Brief descriptive captions
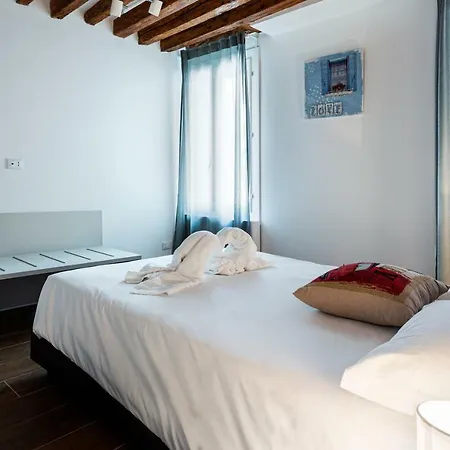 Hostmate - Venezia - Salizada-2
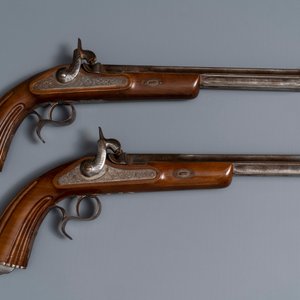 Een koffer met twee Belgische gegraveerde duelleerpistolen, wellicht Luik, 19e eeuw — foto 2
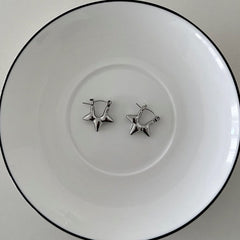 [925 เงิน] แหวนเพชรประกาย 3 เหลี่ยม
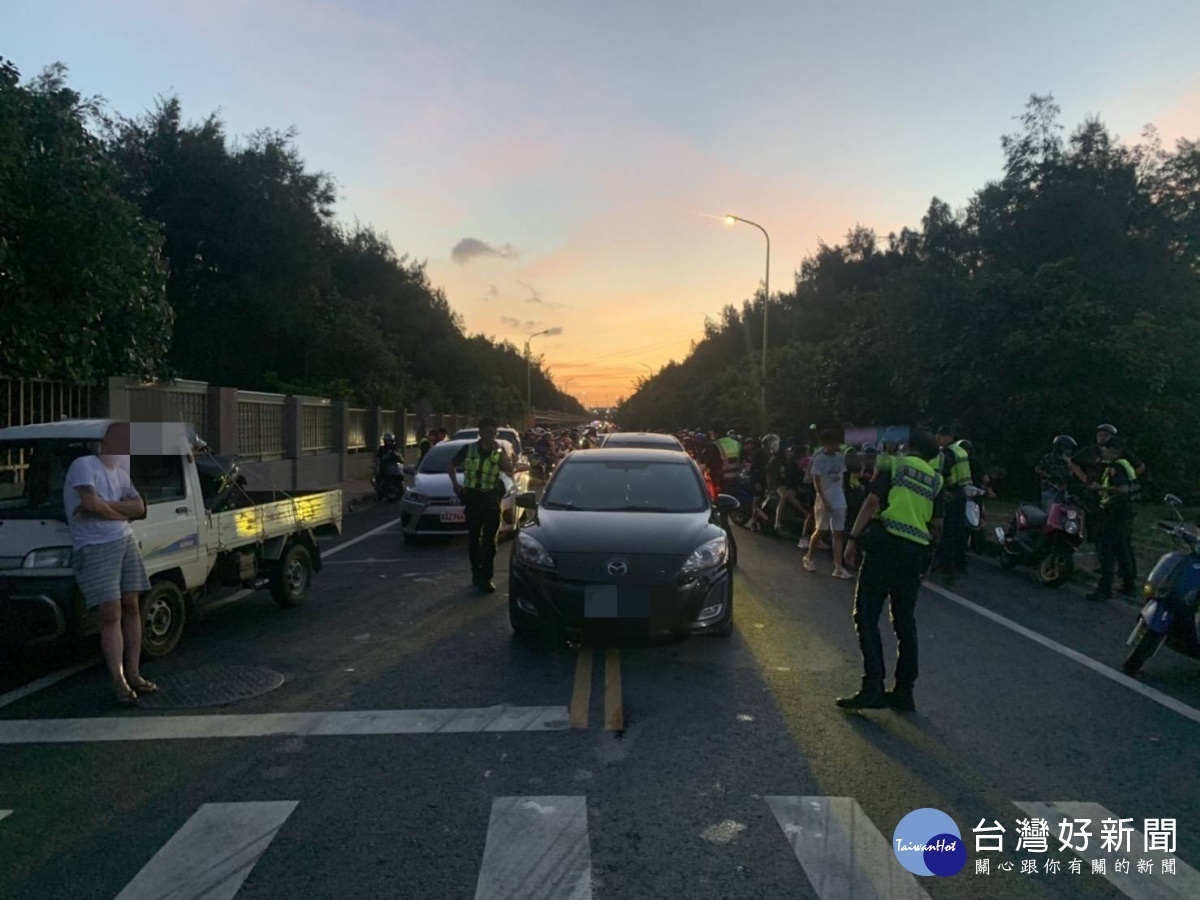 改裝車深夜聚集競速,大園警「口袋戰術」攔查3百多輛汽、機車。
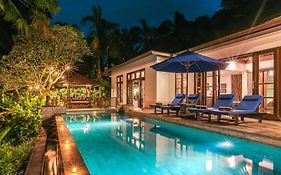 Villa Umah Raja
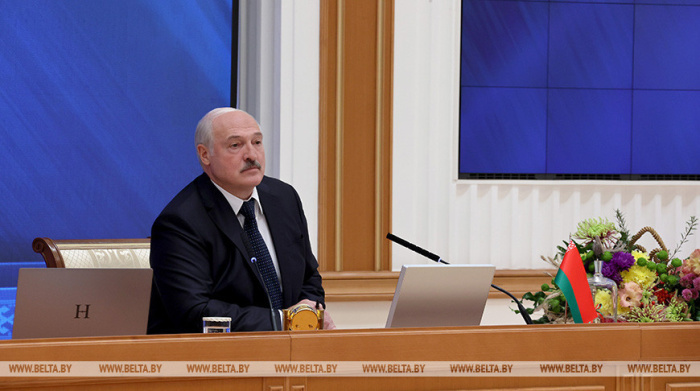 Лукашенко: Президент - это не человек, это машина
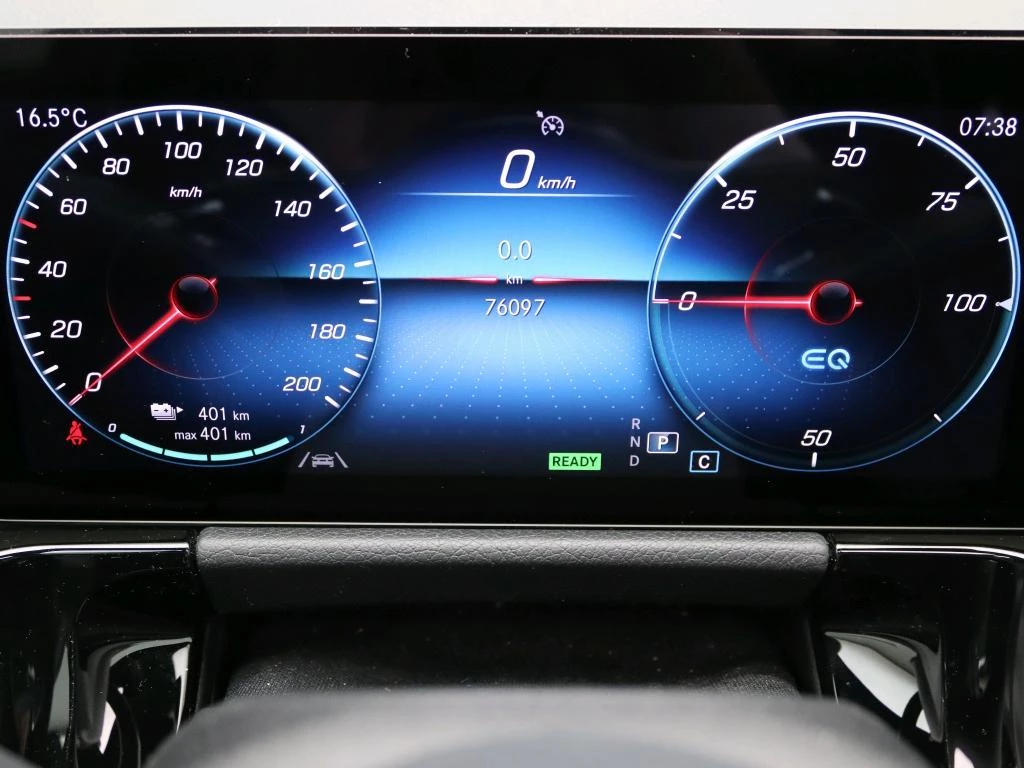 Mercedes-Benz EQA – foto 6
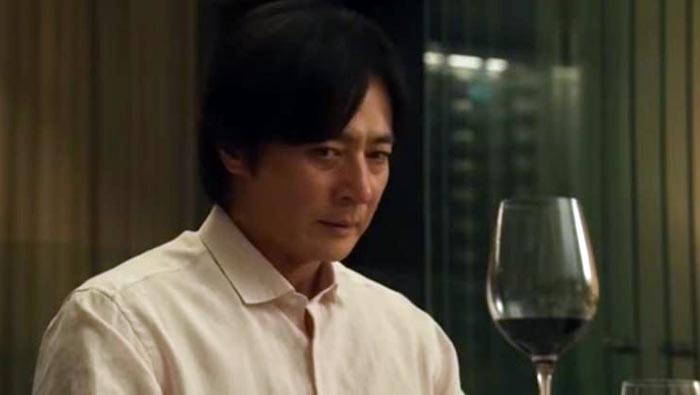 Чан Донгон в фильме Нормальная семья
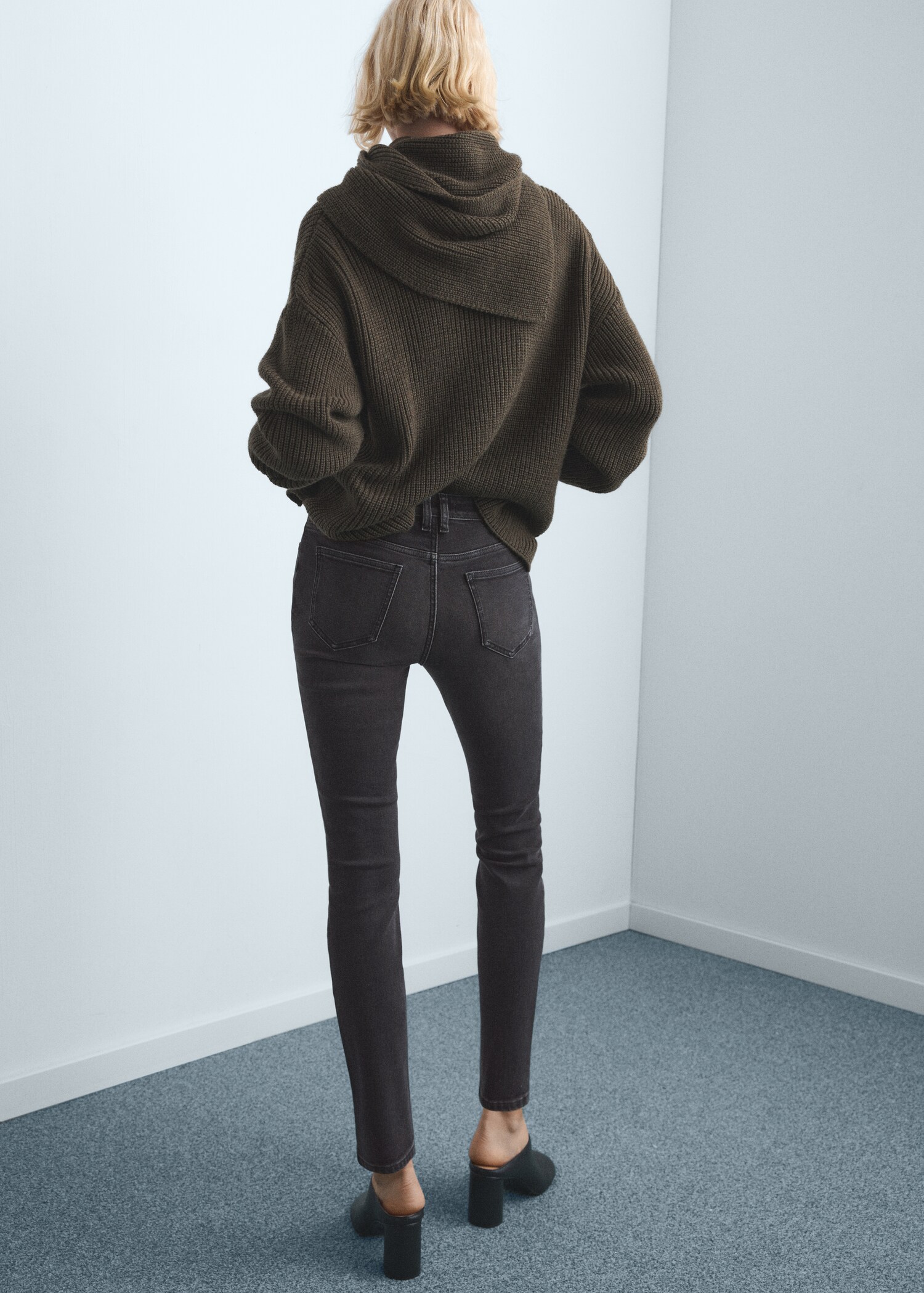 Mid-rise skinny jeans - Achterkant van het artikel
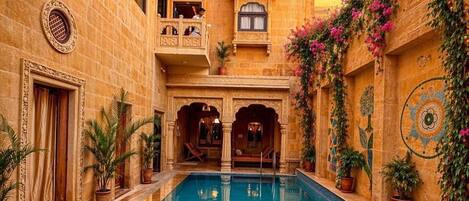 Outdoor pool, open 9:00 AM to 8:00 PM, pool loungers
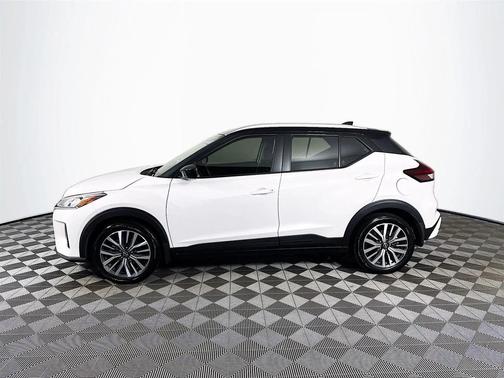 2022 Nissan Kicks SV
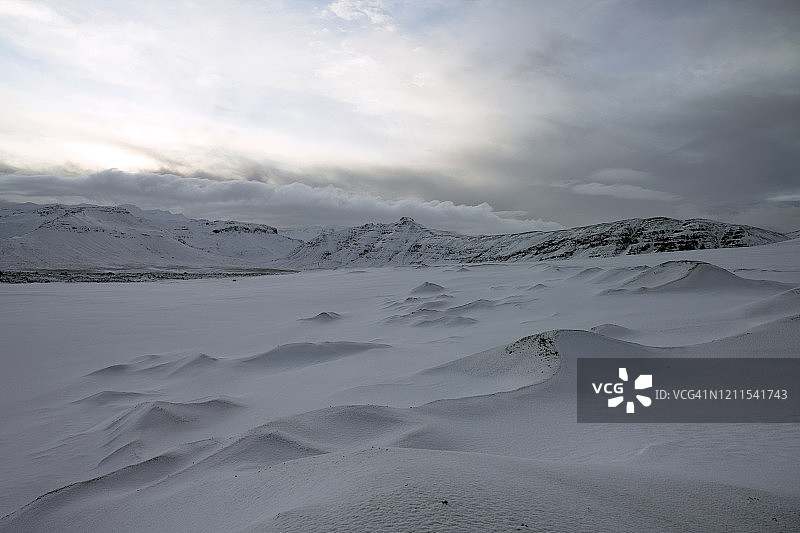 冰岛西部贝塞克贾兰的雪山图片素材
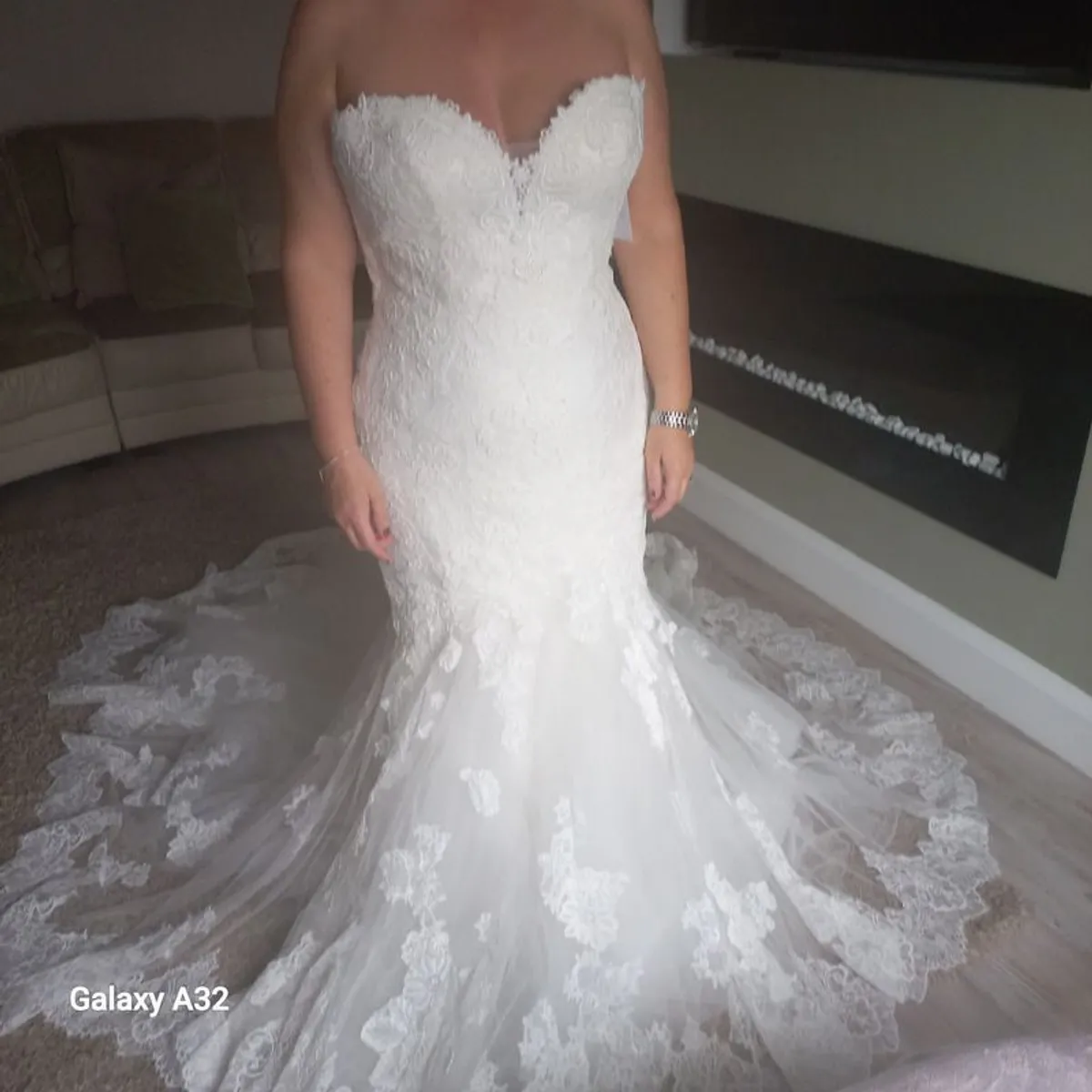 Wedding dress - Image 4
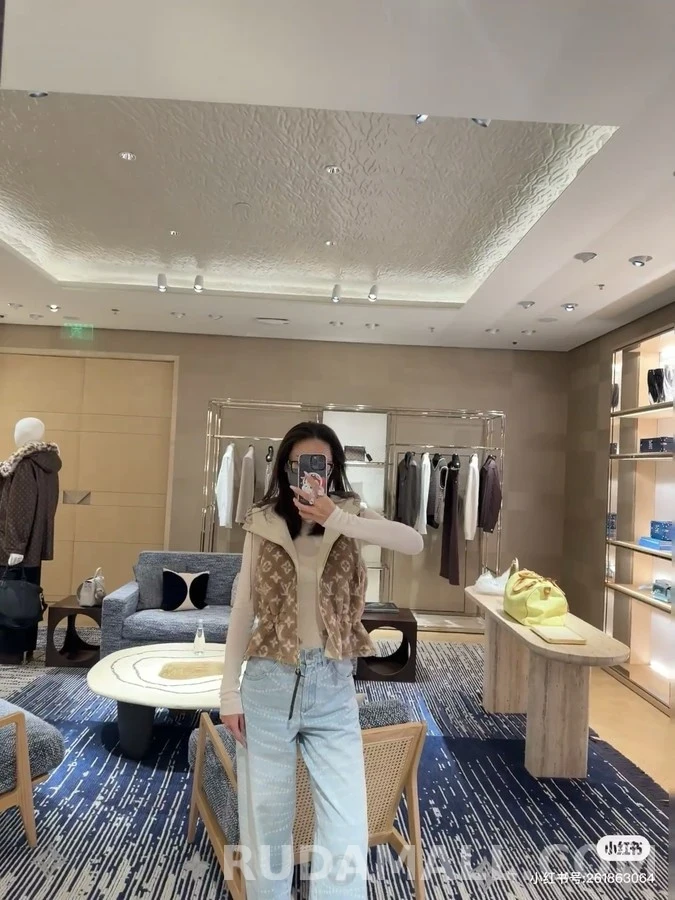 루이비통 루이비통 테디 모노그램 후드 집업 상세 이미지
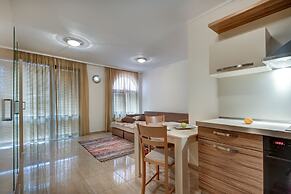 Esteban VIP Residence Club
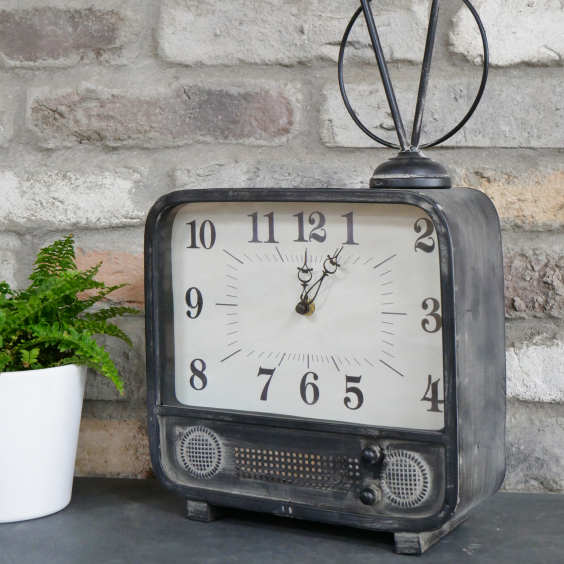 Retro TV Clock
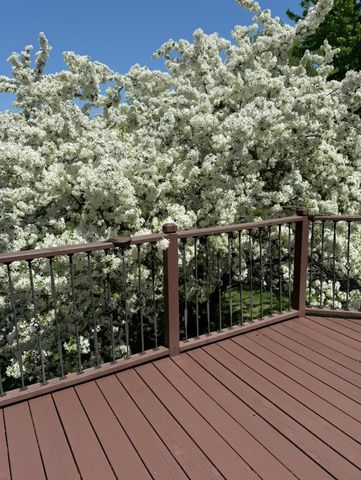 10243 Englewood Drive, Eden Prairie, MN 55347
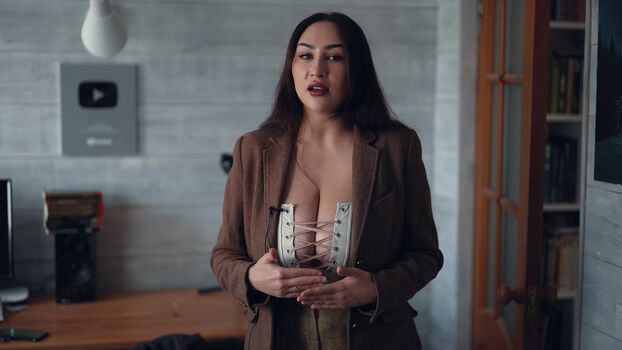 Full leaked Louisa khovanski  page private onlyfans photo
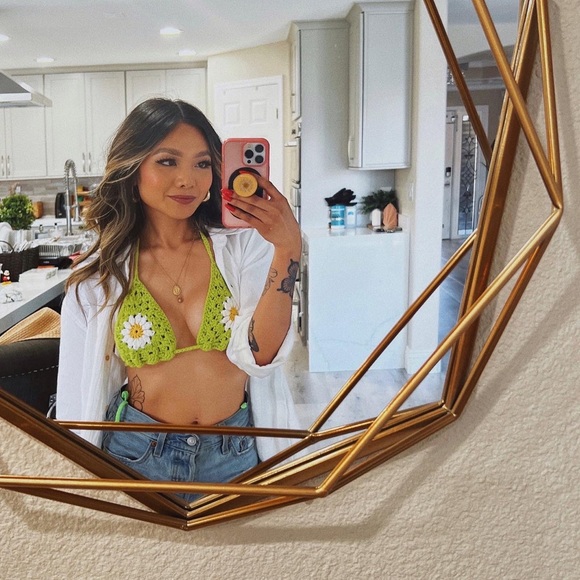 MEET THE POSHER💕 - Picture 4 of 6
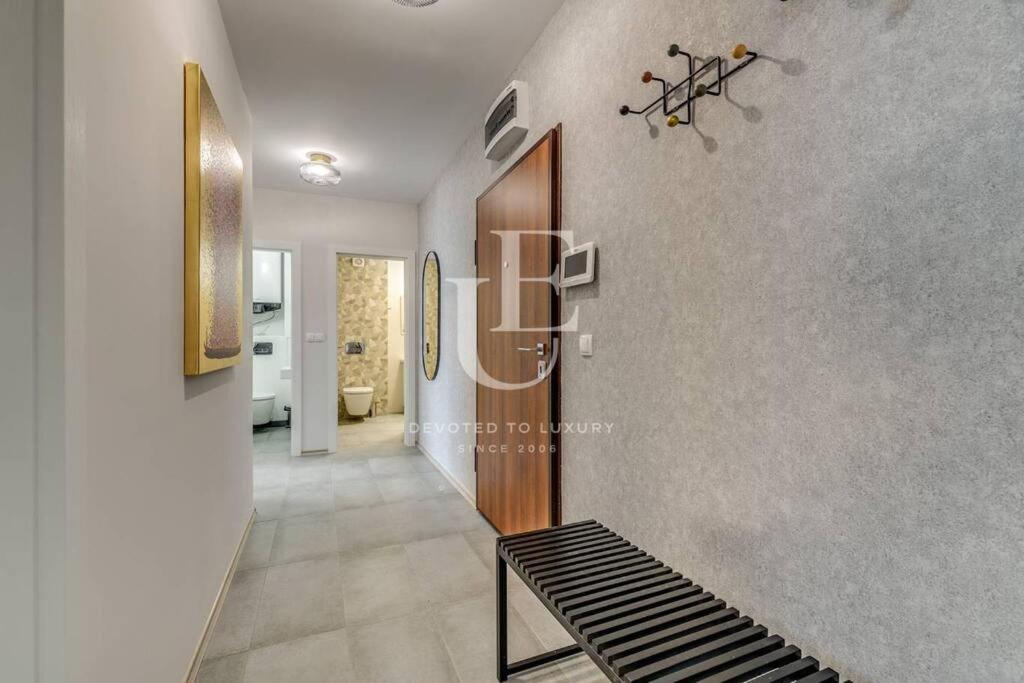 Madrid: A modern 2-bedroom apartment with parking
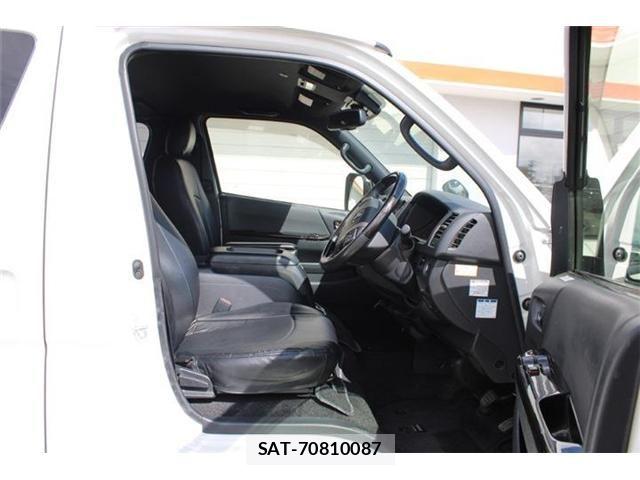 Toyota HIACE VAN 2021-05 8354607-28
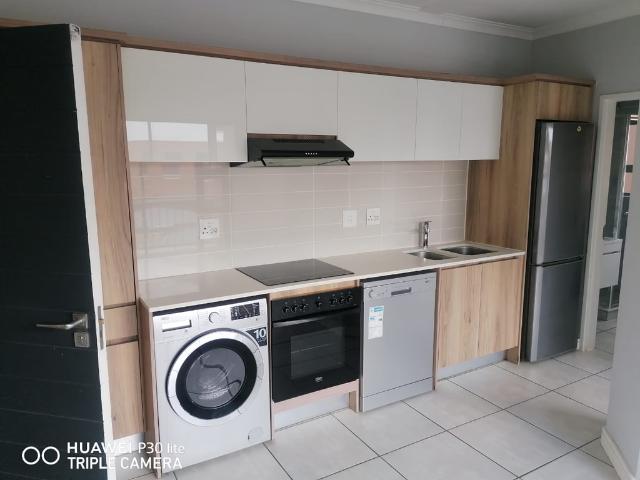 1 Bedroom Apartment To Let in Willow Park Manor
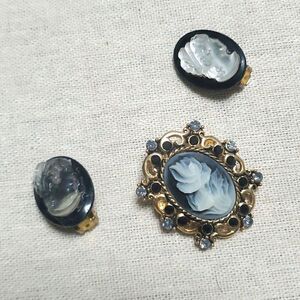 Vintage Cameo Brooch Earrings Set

• **ACTIVITY**: Would you copy out all the data exactly, without the images?

• **EXERCISE RESPONSE**:
 Hostmate - Venezia - Salizada-2
 Een koffer met twee Belgische gegraveerde duelleerpistolen, wellicht Luik, 19e eeuw — foto 2
 [925 เงิน] แหวนเพชรประกาย 3 เหลี่ยม
 改裝車深夜聚集競速,大園警「口袋戰術」攔查3百多輛汽、機車。
 Villa Umah Raja
 Лукашенко: Президент - это не человек, это машина
 Mercedes-Benz EQA – foto 6
 Чан Донгон в фильме Нормальная семья
 Mid-rise skinny jeans - Achterkant van het artikel
 Outdoor pool, open 9:00 AM to 8:00 PM, pool loungers
 2022 Nissan Kicks SV
 冰岛西部贝塞克贾兰的雪山图片素材
 Wedding dress - Image 4
 루이비통 루이비통 테디 모노그램 후드 집업 상세 이미지
 Esteban VIP Residence Club
 Retro TV Clock
 10243 Englewood Drive, Eden Prairie, MN 55347
 Full leaked Louisa khovanski  page private onlyfans photo
 MEET THE POSHER💕 - Picture 4 of 6
 Madrid: A modern 2-bedroom apartment with parking
 Toyota HIACE VAN 2021-05 8354607-28
 1 Bedroom Apartment To Let in Willow Park Manor
 Vintage Cameo Brooch Earrings Set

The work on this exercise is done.